Maddeyle, bir hakka dayanmaksızın başkasına ait ta­şınmaz malın veya eklentilerinin kısmen veya tamamen işgal edilmesi, ta­şınmazın sınırlarının değiştirilmesi veya bozulması yahut herhangi bir su­retle hak sahibinin malından kısmen veya tamamen yararlanmasına engel olunması cezalandırılmıştır.

Maddenin ikinci fıkrasında köy tüzel kişiliğine ait olan harman yeri, yol ve sulak gibi taşınmaz malların kısmen veya tamamen zaptolunması veya bunlara tasarruf edilmesi veya bunların sürüp ekilmesi cezalandırıl­mıştır. Aynı fiiller, öteden beri köylünün ortak yararlanmasına terkedilmiş, bahis konusu yerler hakkında işlendiğinde de keza suç oluşacaktır.

Maddenin üçüncü fıkrasında suların mecrasını değiştirmek suç hâline getirilmiştir. Suların kamuya ait olması veya özel nitelikte bulunması önemli değildir.

Yeni 154. madde 765 sayılı TCK nun 513. maddesinde yer alan düzenlemeyi aynen yansıtmaktadır.

VI. Güveni kötüye kullanma

MADDE 155. - (1) Başkasına ait olup da muhafaza etmek veya 125belirli bir şekilde kullanmak üzere zilyedliği kendisine devredilmiş olan mal üzerinde, kendisinin veya başkasının yararına olarak, zilyedliğin devri amacı dışında tasarrufta bulunan veya bu devir olgusunu inkar eden kişi, şikâyet üzerine, altı aydan iki yıla kadar hapis ve adlî para cezası ile cezalandırılır.

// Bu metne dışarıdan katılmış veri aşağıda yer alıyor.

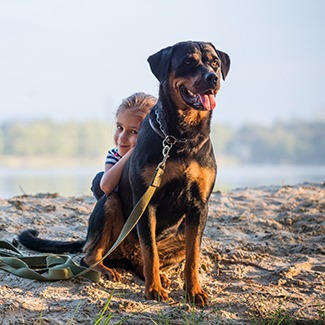 Dog-proudly watching over little girl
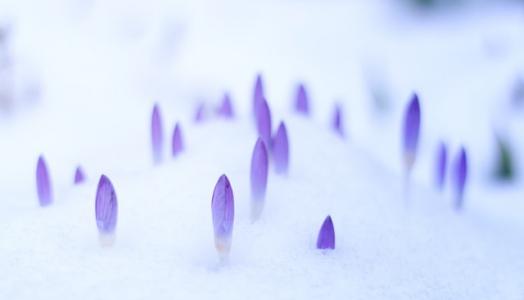 Krokusy w śniegu, fot. Johannes Plenio | Unsplash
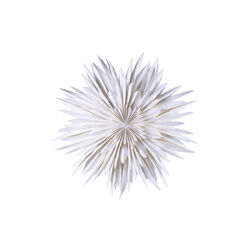 Maja 60, Watt & VEKE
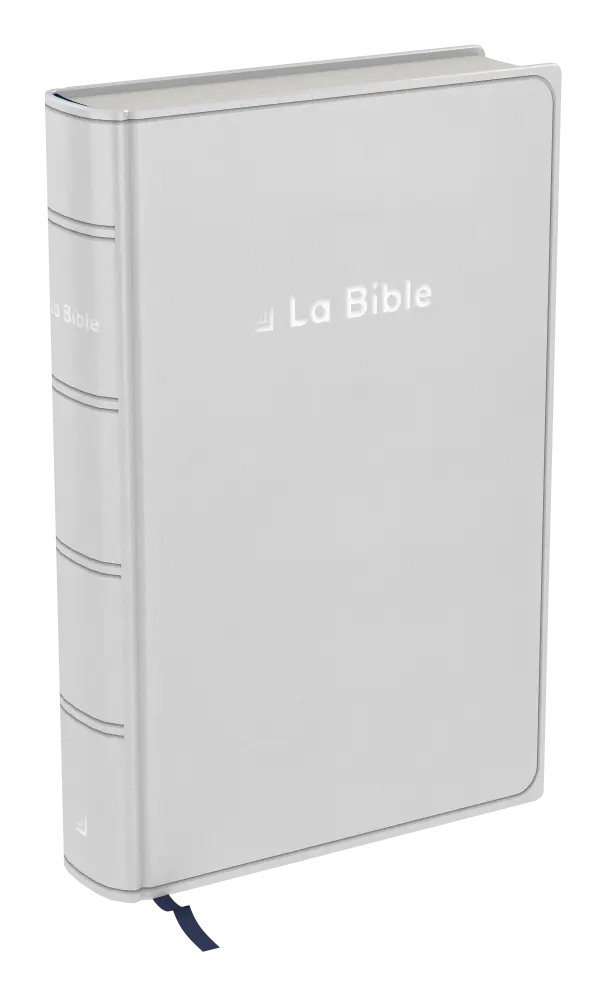 Bible Darby révisée souple gris argent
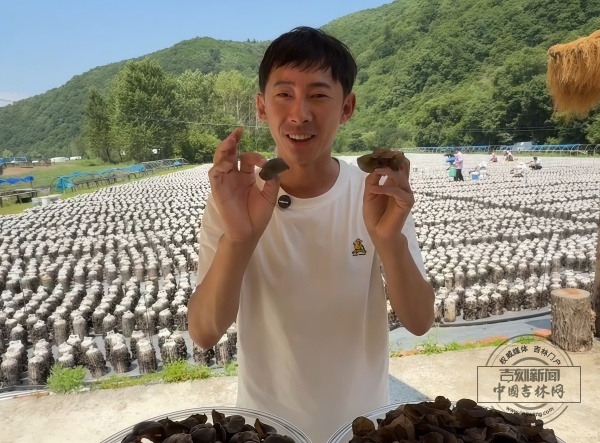 九游娱乐：汪清县丨青春力量点亮延边乡村：镜头与直播间的振兴密码(图3)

(2) Suçun, meslek ve sanat, ticaret veya hizmet ilişkisinin ya da hangi nedenden doğmuş olursa olsun, başkasının mallarını idare etmek yetkisinin gereği olarak tevdi ve teslim edilmiş eşya hakkında işlenmesi hâlinde, bir yıldan yedi yıla kadar hapis ve üçbin güne kadar adlî para cezasına hükmolunur.126



GEREKÇE :

Madde metninde güveni kötüye kullanma suçu ta­nımlanmıştır. Söz konusu suçla korunan hukukî değer kişilerin mülkiyet hakkıdır. Bu suçla mülkiyetin korunması amaçlanmaktadır. Ancak, söz ko­nusu suçun oluşabilmesi için eşya üzerinde mülkiyet hakkına sahip olan kişi ile lehine zilyetlik tesis edilen kişi (fail) arasında bir sözleşme ilişkisi mev­cuttur. Bu ilişkinin gereği olarak taraflar arasında mevcut olan güvenin ko­runması gerekmektedir. Bu mülahazalarla, eşya üzerinde mevcut sözleşme ilişkisiyle bağdaşmayan kasıtlı tasarruflar, cezai yaptırım altına alınmıştır.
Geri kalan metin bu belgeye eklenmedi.